━━ Study material ━━

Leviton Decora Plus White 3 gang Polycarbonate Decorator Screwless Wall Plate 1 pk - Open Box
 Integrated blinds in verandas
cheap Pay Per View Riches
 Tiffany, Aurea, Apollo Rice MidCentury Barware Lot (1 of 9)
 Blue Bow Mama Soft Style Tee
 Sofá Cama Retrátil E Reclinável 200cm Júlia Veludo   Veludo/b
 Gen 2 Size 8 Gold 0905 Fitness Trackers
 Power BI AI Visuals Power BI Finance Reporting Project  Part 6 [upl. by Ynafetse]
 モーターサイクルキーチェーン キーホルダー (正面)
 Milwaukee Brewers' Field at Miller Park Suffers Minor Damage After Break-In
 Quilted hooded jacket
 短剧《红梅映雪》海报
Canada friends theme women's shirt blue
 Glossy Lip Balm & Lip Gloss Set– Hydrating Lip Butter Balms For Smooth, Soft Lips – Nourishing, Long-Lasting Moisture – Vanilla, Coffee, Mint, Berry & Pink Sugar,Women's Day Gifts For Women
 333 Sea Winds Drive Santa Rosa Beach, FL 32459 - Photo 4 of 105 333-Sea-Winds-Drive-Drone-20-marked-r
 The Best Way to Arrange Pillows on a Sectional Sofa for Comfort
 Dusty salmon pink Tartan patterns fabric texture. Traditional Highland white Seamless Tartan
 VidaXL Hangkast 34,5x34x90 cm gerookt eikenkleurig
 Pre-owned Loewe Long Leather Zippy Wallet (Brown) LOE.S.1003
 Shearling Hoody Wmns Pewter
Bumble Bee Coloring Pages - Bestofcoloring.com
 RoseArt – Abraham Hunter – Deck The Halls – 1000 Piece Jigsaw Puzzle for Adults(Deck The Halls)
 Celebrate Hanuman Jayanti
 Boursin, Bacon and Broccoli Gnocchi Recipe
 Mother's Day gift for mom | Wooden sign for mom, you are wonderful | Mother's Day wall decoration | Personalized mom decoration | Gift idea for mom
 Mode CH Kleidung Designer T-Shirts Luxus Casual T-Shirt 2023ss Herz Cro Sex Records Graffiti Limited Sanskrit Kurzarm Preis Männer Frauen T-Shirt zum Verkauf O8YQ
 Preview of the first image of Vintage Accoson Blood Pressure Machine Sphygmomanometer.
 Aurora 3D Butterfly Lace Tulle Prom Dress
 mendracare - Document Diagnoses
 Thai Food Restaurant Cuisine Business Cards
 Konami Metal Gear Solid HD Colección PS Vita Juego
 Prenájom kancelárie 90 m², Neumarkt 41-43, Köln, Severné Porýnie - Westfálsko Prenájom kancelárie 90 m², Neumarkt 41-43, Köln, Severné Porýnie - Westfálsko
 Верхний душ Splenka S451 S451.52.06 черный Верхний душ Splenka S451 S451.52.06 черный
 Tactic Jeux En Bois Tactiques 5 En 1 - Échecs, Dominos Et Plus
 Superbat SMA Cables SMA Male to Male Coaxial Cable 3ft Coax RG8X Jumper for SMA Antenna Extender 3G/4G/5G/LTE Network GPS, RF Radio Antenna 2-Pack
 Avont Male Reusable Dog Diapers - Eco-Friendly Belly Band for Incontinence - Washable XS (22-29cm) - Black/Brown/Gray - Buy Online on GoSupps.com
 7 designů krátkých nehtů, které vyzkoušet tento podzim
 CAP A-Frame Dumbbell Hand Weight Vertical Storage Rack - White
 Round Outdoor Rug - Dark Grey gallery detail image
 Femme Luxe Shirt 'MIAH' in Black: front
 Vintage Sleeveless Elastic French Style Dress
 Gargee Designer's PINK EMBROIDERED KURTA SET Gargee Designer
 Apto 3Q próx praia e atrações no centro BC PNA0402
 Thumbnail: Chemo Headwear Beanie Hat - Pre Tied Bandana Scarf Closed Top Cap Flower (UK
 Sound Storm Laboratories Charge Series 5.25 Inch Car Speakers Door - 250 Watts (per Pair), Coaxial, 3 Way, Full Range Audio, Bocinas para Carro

━━━

## What to do:
Pull each line holding "Male" out of the listing.

## Output for this task:
 Superbat SMA Cables SMA Male to Male Coaxial Cable 3ft Coax RG8X Jumper for SMA Antenna Extender 3G/4G/5G/LTE Network GPS, RF Radio Antenna 2-Pack
 Avont Male Reusable Dog Diapers - Eco-Friendly Belly Band for Incontinence - Washable XS (22-29cm) - Black/Brown/Gray - Buy Online on GoSupps.com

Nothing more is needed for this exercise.